The late ’60s and early ’70s were hard times for immigrants to Britain. The shelter of Cambridge University life had, for me, gone. I was now any “Paki” on London’s streets and labour market.
Several forms of disillusion pursued me and I ended up, through various machinations, and membership of the Indian Workers’ Association in Leicester (read my novelistic memoir London Company for details), in the British Black Panther Movement.
I was amongst its various, for the most part, West Indian members, cast as the Asian intellectual. This entailed addressing “ideology classes”, which embraced a universe of subjects, including the history of emancipation in America. The theory then fashionable in the movement was derived from reading accounts of slave revolts in the US and reading the works of W.E.B. Dubois. The thrust of this argument was that the abolition of slavery was not the work of any white man, but the result of the various revolts of the slaves themselves. It was and remains an alluring prospect. The self-movement of peoples! The slaves of the American South freed themselves through struggle, the blacks of South Africa defeated apartheid, dalits liberated themselves from the binds of caste! It was a doctrine that distanced and negated alien benefactors from the liberation of the benefacted.

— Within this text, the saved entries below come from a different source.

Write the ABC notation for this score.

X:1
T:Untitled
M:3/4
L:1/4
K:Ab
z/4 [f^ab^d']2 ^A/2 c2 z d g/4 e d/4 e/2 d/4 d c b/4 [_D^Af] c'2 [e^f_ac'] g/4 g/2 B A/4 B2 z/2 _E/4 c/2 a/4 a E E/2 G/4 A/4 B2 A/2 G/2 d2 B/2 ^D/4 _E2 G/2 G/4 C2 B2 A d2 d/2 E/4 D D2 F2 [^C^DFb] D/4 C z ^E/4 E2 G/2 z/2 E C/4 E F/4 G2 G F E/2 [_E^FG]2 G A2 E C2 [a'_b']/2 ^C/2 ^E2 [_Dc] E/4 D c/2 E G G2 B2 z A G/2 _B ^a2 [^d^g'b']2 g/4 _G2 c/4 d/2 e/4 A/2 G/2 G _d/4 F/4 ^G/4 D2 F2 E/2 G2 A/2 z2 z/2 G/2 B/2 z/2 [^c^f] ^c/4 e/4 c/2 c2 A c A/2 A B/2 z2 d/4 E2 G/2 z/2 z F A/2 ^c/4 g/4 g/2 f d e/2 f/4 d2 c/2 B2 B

Then in betrayal of one’s own enthusiasm, facts began to balance the picture. The film Lincoln demonstrates the commitment of the man against all odds, his own supporter’s misgivings and the grandees of his party to push through the 13th Amendment to the US Constitution that abolished slavery for ever.
James Oakes’ book goes further. It unequivocally asserts that Lincoln and the Republican Party of his times were committed to the abolition of slavery as a moral principle rather than as some changeable adjunct to keeping the Confederate states within the Union.
Did it teach me something? Or am I merely reviewing my own ideological evolution? I think I should be told.